We also need a struct: geom
. We specified this struct in the
reference code, but that was in the C code. We need to provide an
equivalent specification our script can access:
geom = CStruct( "geom", :type_name => "geom_t", :members => [
Real( "thetamin"),
Real( "dtheta"),
Real( "phimin"),
Real( "dphi"),
Real( "rmin"),
Real( "dr"),
Real( "vparmin"),
Real( "dvpar"),
Real( "thetatmp", :dim => [Dim(NTHETA)]),
Real( "phitmp", :dim => [Dim(NPHI)]),
Real( "rtmp", :dim => [Dim(NR)])
],
:dim => [Dim(1)])
Now that everything is in place we create one kernel for each function. We start by choosing a name and defining what types of parameters are accepted and what type is returned:
fn_init
p_init = Procedure("fn_init",[f,geom], :return => Int("a"))
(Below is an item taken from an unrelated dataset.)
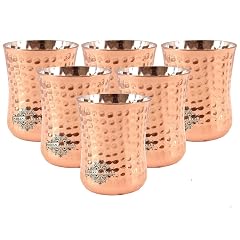 Indian Art Villa Steel Copper Royal Tumbler Hammered Design Glass Drinkware Serveware Volume- 9 Oz Set of 6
Again, the name appears twice: p_init is the name used by our script and fn_init the internal name. The parameters used by the kernel (f, geom) are passed inside a list ([]) as the second argument. Lastly, the return value is given as an Int.
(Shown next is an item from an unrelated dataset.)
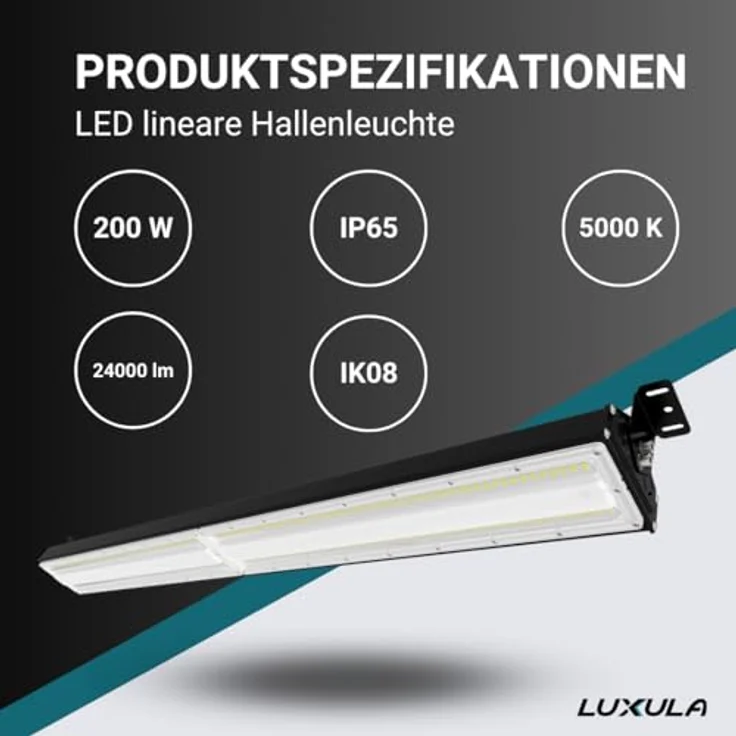 LUXULA LED Hallenleuchte High-Bay Hallenstrahler mit Marken-LEDs - 200W 24000lm - 5000K Neutralweiß Tageslicht - IP65 IK08 - linear - Industrielampe Werkstatt Lager – Bild 3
Now that we declared the function we create a kernel object and give it the function declaration:
k_init = CKernel::new
k_init.procedure = p_init
The kernel still lacks the function code. The code is sent to the kernel with get_output.print. We already have the code in variables so let’s send that to get_output.print:
get_output.print macro_ref
get_output.print init_ref
The same process is repeated for the other functions: fn_advec
and
fn_verif
.
fn_advec
p = Procedure("fn_advec",[f0,f1,geom], :return => Int("a"))
k = CKernel::new
k.procedure = p
get_output.print macro_ref
get_output.print code_ref
fn_verif
p_verif = Procedure("fn_verif",[f,geom], :return => Int("a"))
k_verif = CKernel::new
k_verif.procedure = p_verif
get_output.print macro_ref
get_output.print code_verif
We pop the lang we defined before and return the kernels.
pop_env(:lang)
return [k_init, k, k_verif]
end
Now that the reference implementation is over. We can start writing our optimized kernel.
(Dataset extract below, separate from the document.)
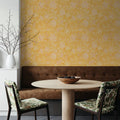 Kala Flowers White on Yellow Mural Wallpaper - room preview 04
We start by creating a new function, generate_fn_advec
and defining
the defaults for our parameters. Our parameters are:
vector_pragmas
- enables or disables the use of #pragma vector
omp_num_threads
- number of threads
nontemporal
- the use or not of #pragma vector nontemporal
unroll
- manual level of loop unrolling
Notice this function receives options as a parameter, allowing the caller to choose a different set of options than those defined below:
def generate_fn_advec(options = {})
default_options = { :vector_pragmas => false, :omp_num_threads => nil, :nontemporal => true, :unroll => false }
options = default_options.merge( options )
p options
We declare what variables this kernel uses. They are:
f0
- double *
f1
- double *
geom
- struct
f0 = Real( "f0", :dim => [Dim(-DECNR,ALLOCSIZER-DECNR-1),Dim(NTHETA),Dim(NPHI),Dim(NVPAR)], :dir => :inout, :align => 64)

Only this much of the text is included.